Dysregulation of microRNAs (miRNAs or miRs) is implicated in the development of gastric cancer (GC), which is possibly related to their roles in targeting tumor-suppressive or tumor-promoting genes. 本研究旨在确定miR-488在胃癌中的功能和调节机制。首先，对人类GC细胞进行miRNA功能增强或减弱、RNA干扰或过表达的体外恶性评估。同时，在裸鼠模型中评估了肿瘤发生和肝转移情况。结果表明，miR-488升高可以抑制GC（MKN-45和OCUM-1）的细胞增殖、迁移和侵袭，并在体内减少它们的肿瘤发生和肝转移。荧光素酶检测表明，miR-488与HULC结合并抑制其表达。此外，HULC可以增强EZH2-H3K27me3在p53启动子区域的富集，并根据RIP和ChIP-qPCR检测数据表明，通过表观遗传学机制抑制p53表达。此外，验证了HULC可以增强GC的生长和转移性。总体来说，miR-488抑制可导致HULC重新表达，并增强EZH2-H3K27me3在p53启动子区域的富集并抑制p53表达，从而促进GC的生长和转移。©2022年。作者在Springer Nature B.V.的独家许可下发表。

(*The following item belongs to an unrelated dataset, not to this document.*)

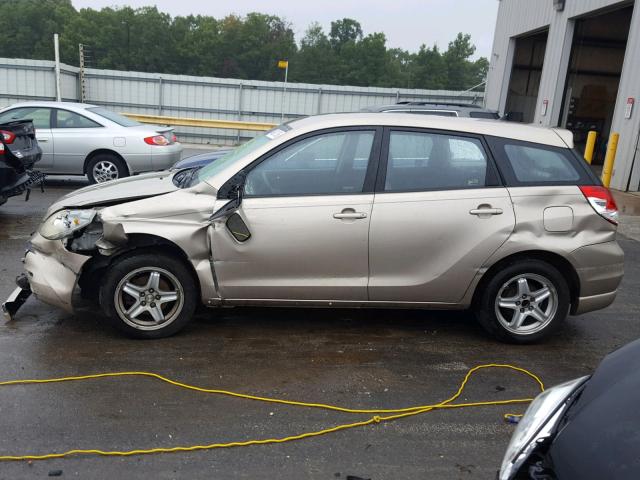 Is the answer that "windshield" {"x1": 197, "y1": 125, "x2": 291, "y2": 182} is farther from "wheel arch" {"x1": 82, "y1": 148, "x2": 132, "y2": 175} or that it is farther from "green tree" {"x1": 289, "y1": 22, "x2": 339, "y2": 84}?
"green tree" {"x1": 289, "y1": 22, "x2": 339, "y2": 84}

Dysregulation of microRNAs (miRNAs or miRs) is implicated in the development of gastric cancer (GC), which is possibly related to their roles in targeting tumor-suppressive or tumor-promoting genes. Herein, the current study was intended to ascertain the function of miR-488 and its modulatory mechanism in GC. Initially, human GC cells were assayed for their in vitro malignancy after miRNA gain- or loss-of-function and RNA interference or overexpression. Also, tumorigenesis and liver metastasis were evaluated in nude mouse models. Results demonstrated that miR-488 elevation suppressed GC (MKN-45 and OCUM-1) cell proliferation, migration, and invasiveness in vitro and reduced their tumorigenesis and liver metastasis in vivo. The luciferase assay identified that miR-488 bound to HULC and inhibited its expression. Furthermore, HULC could enhance EZH2-H3K27me3 enrichment at the p53 promoter region and epigenetically repress the p53 expression based on the data from RIP- and ChIP-qPCR assay. Additionally, HULC was validated to enhance GC growth and metastasis in vitro and in vivo. Overall, HULC re-expression elicited by miR-488 inhibition can enhance EZH2-H3K27me3 enrichment in the p53 promoter and repress the p53 expression, thus promoting the growth and metastasis of GC.© 2022. The Author(s), under exclusive licence to Springer Nature B.V.